La Polizia giudiziaria del commissariato di Ostia ha arrestato un uomo accusato di aver violentato una bambina di cinque anni. Si tratterebbe di un vicino di casa e amico di famiglia di cui i genitori della piccola si fidavano ciecamente. La violenza sarebbe avvenuta in un pomeriggio di fine giugno a casa dell'uomo, un 32enne residente a Ostia nella zona dell'Idroscalo. Il padre della piccola aveva avuto un impegno di lavoro improvviso e doveva assentarsi da casa. Ha quindi chiesto all'amico e vicino di badare ai suoi figli, di cinque e due anni. Ed è a quel punto che si sarebbe consumata la violenza. Una volta tornata a casa, la piccola ha confidato alla madre quanto accaduto, raccontando che l'uomo l'aveva palpeggiata.
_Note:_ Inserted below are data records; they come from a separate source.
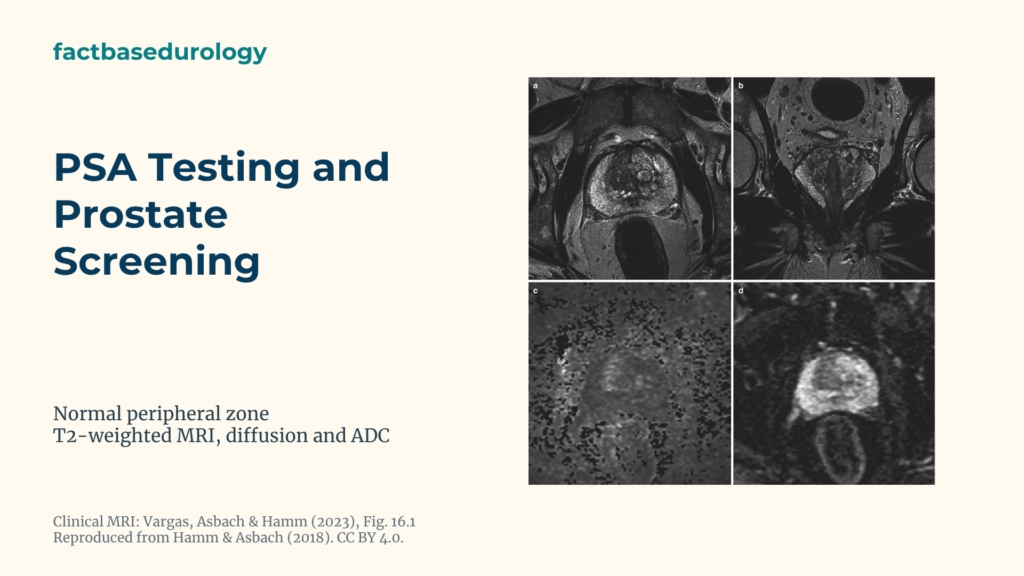 PSA Testing and Prostate Screening: Levels, Risk, MRI, Biopsy and Follow-Up 3 PSA Testing and Prostate Screening Featured cover with Normal prostate peripheral zone on T2-weighted, diffusion-weighted MRI and an ADC map.
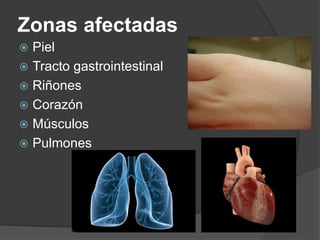 Zonas afectadas
 Piel
 Tracto gastrointestinal
 Riñones
 Corazón
 Músculos
 Pulmones
 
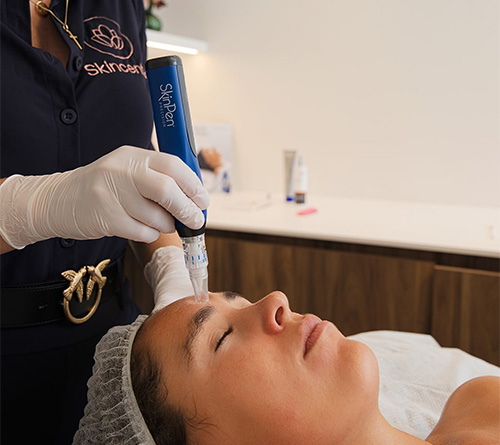 Microneedling 2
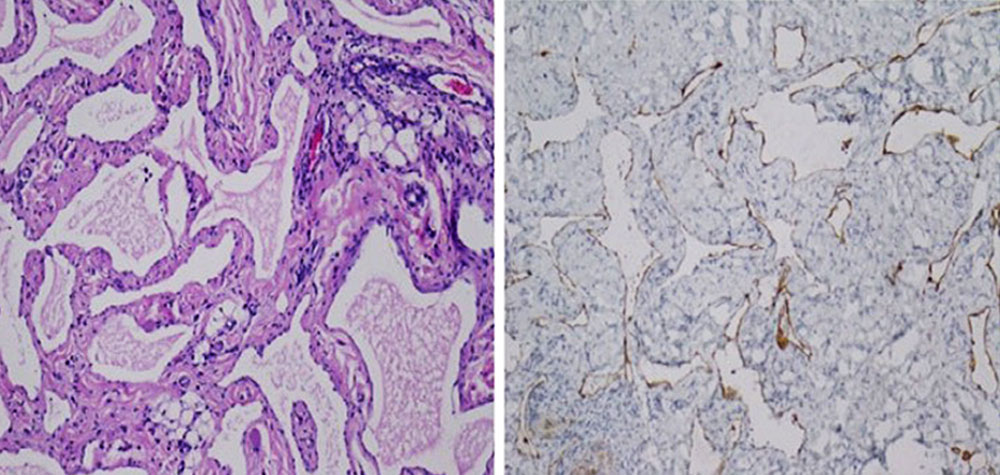 Histological example of a lymphatic malformation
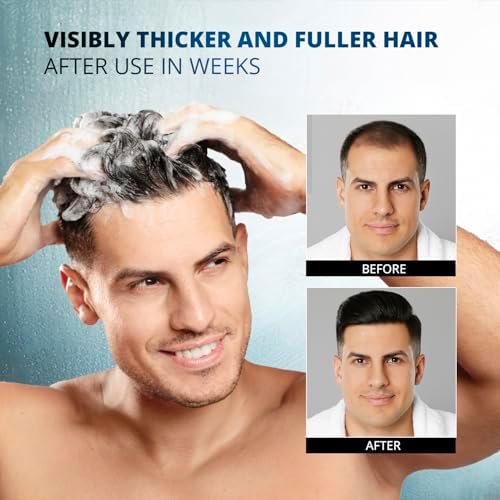 Root Activator Shampoo for Men: Made In USA - Hair Growth Shampoo for Hair Loss and Thinning Hair - Hair Loss RegrowthTreatments for Women Men (Refreshing Scent)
I genitori l'hanno quindi portata all'ospedale Grassi di Ostia, dove sono state trovate ferite compatibili con la violenza subita.

La bimba ascoltata in audizione protetta

La bambina è stata ascoltata in audizione protetta dagli investigatori e da una psicologa. Ha confermato quanto detto alla madre, raccontando i dettagli della violenza subita e precisando che il 32enne si era fermato solo quando ha sentito l'auto della madre nella strada sotto casa. Sulla base degli indizi raccolti dalle indagini, l'uomo è stato arrestato con l'accusa di violenza sessuale aggravata in quanto commessa ai danni di una minorenne. Gli agenti lo sono andati a prendere mentre stava lavorando in un cantiere in zona Trionfale, lo hanno ammanettato e portato in carcere a Regina Coeli.